UK can't stop piling on Bushies about Iraq

Guess what? More criticism escaping the UK about the Bush administrations management of Iraq.

The west put 'amateurs' in important positions in occupied Iraq and risks doing the same in Afghanistan today, the Chilcot inquiry was told today.

Lieutenant General Sir Frederick Viggers, who was the senior British military representative in Iraq from May to September 2003, said he was not talking about soldiers and civilians, 'but it's the intellectual horsepower that drives these things [that] needs better coordination ...

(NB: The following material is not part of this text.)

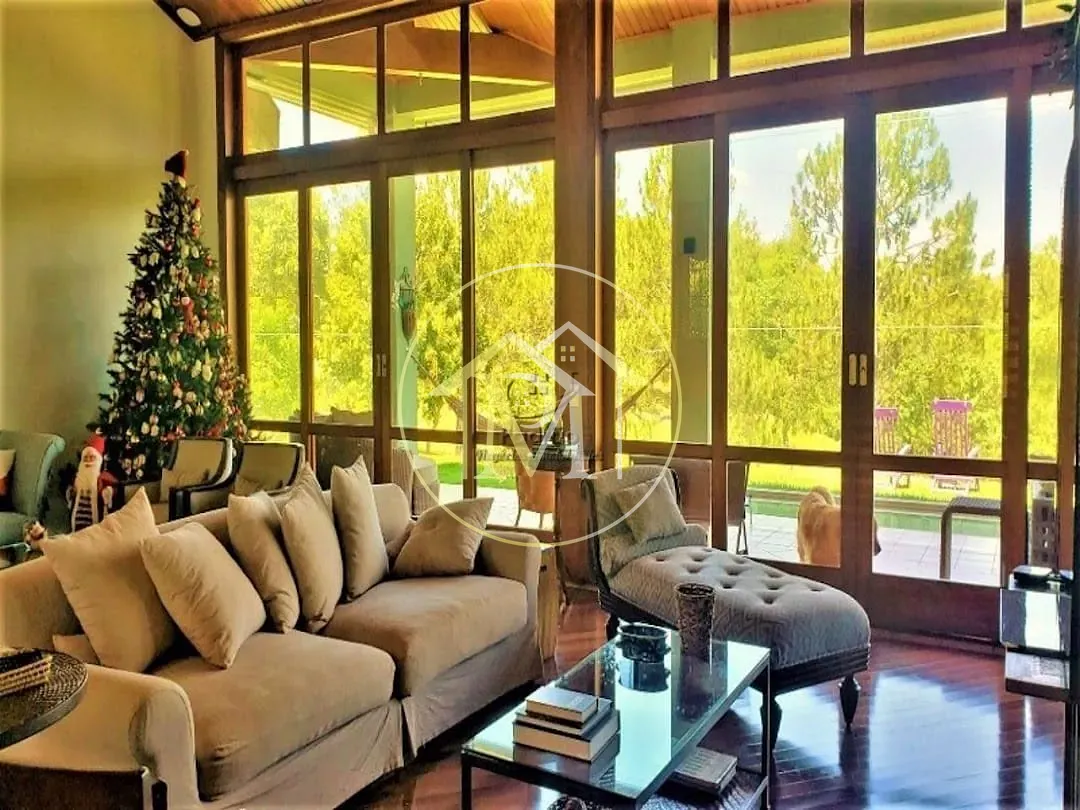 Casa, 5 quartos, 693 m² - Foto 19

'We are putting amateurs into really important positions and people are getting killed as a result of some of these decisions. It's a huge responsibility and I just don't sense we are living up to it.'

The speed of the military operation that led to the occupation of Iraq in 2003 took planners by surprise, Viggers told Sir John Chilcot's inquiry into the war, and reconstruction efforts were hampered by a growing insurgency, security issues, economic, governance and power supply problems.

'It was rather like going to the theatre and seeing one sort of play and realising you were watching a tragedy as the curtains came back.

'We suffered from a lack of any real understanding of the state of that country post-invasion.'


I mean, really, no one wanted to bring this up 6 years ago? And don't say they did, because the street protests were not Parliament inquiries.